The task: Give back exactly the lines from the one holding "Une jeune femme" to the bottom of the material, both included, and nothing more. No pictures.
(The input begins)
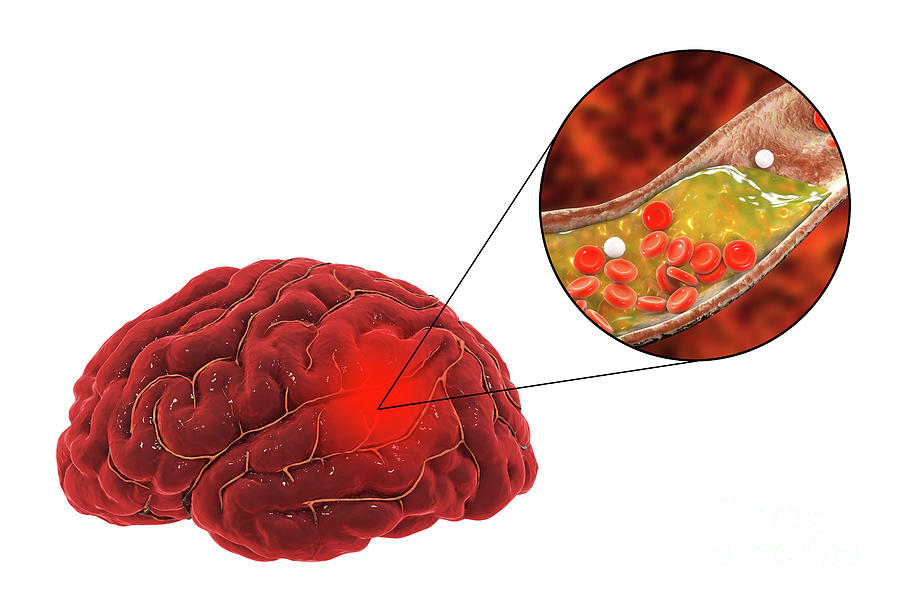 Schlaganfall. Rat model of ischemic stroke.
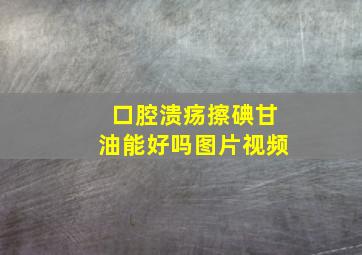 口腔溃疡擦碘甘油能好吗图片视频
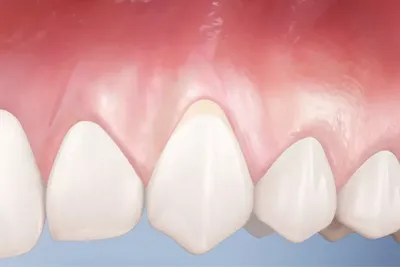 Пародонтоз: причины появления, симптомы и эффективное лечение заболевания в  стоматологической клинике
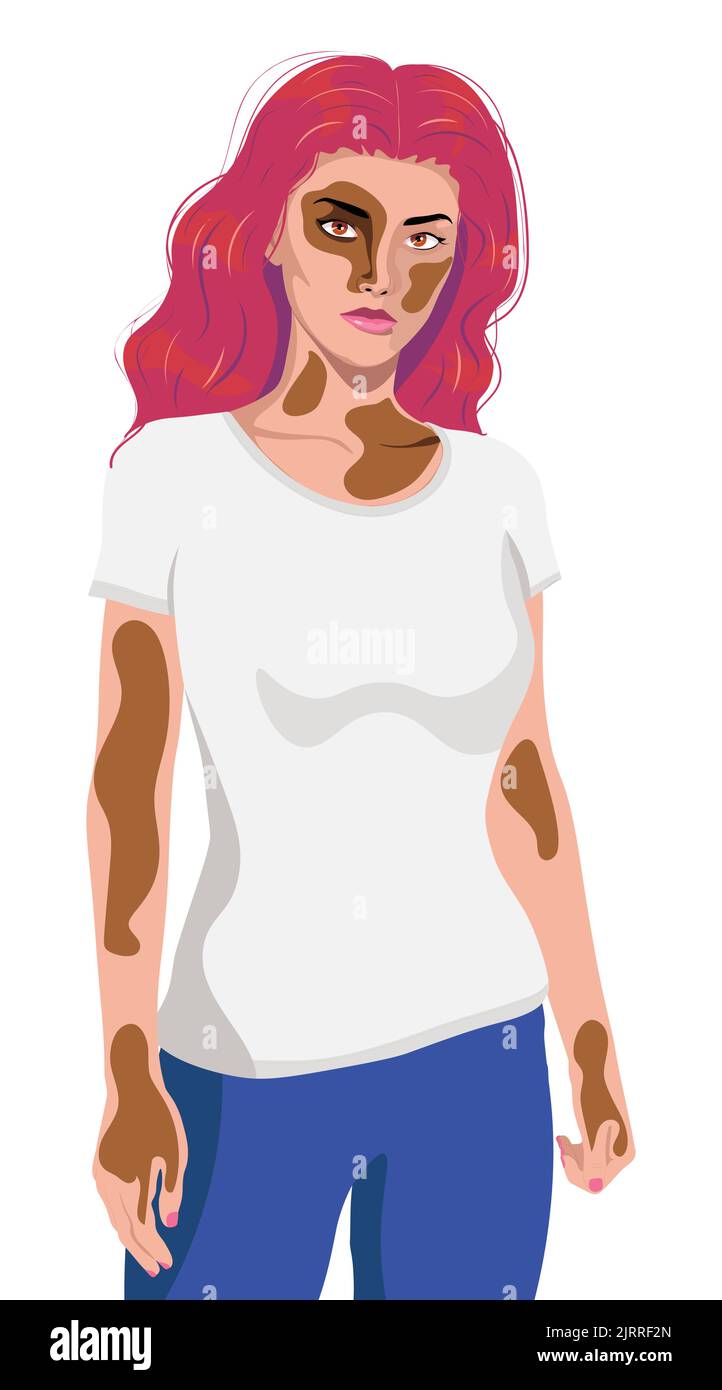 Une jeune femme avec vitiligo porte un t-shirt blanc et un pantalon bleu. Illustration de Vecteur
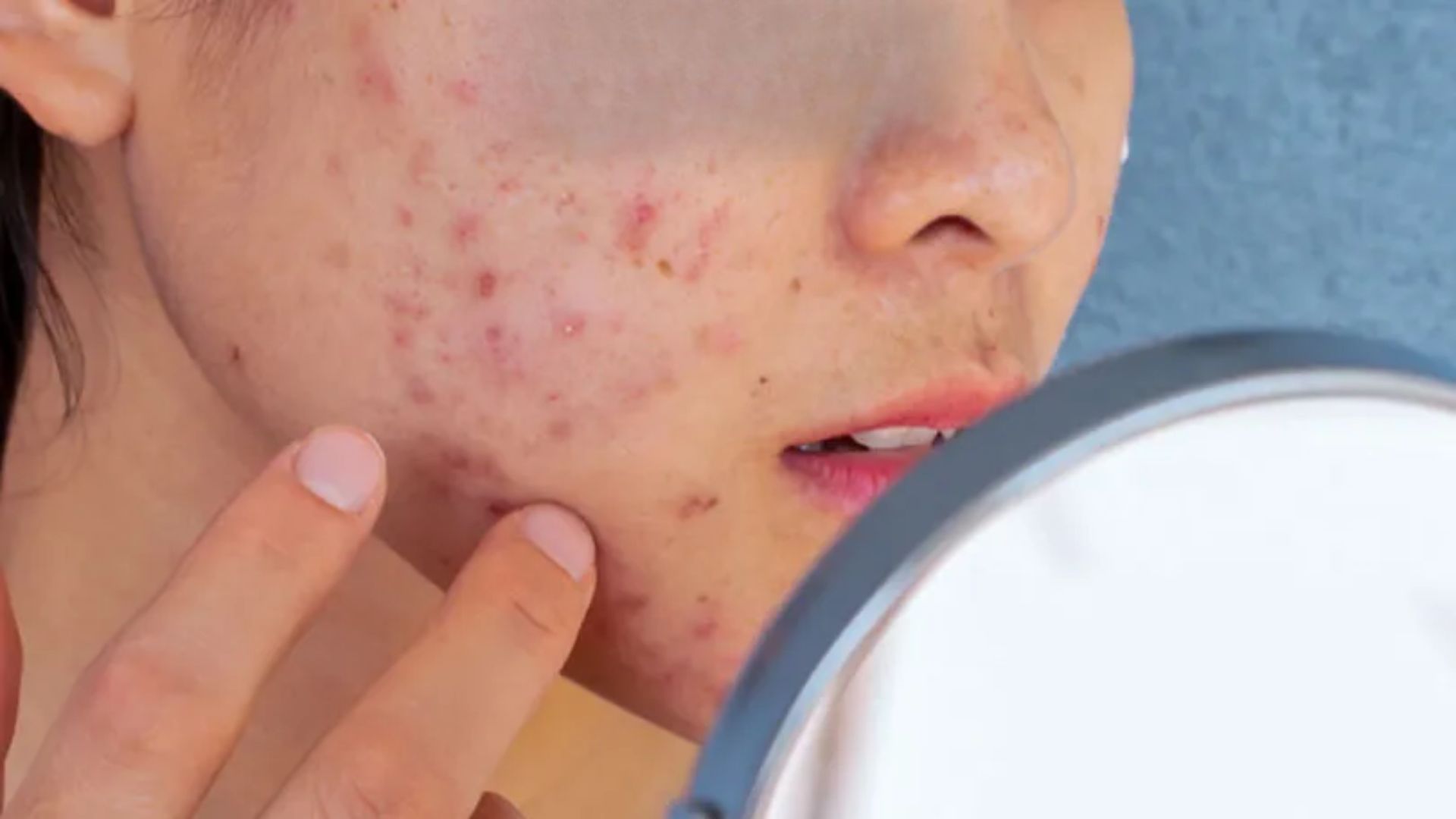 acne-prone skin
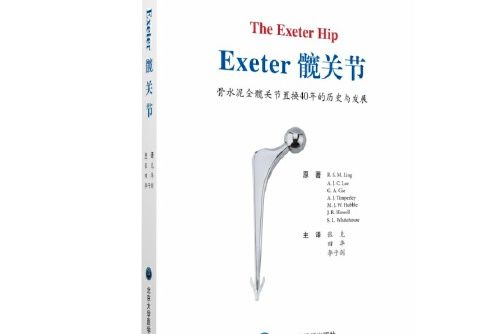 Exeter髖關節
(The input ends)
Answer:
 Une jeune femme avec vitiligo porte un t-shirt blanc et un pantalon bleu. Illustration de Vecteur
 acne-prone skin
 Exeter髖關節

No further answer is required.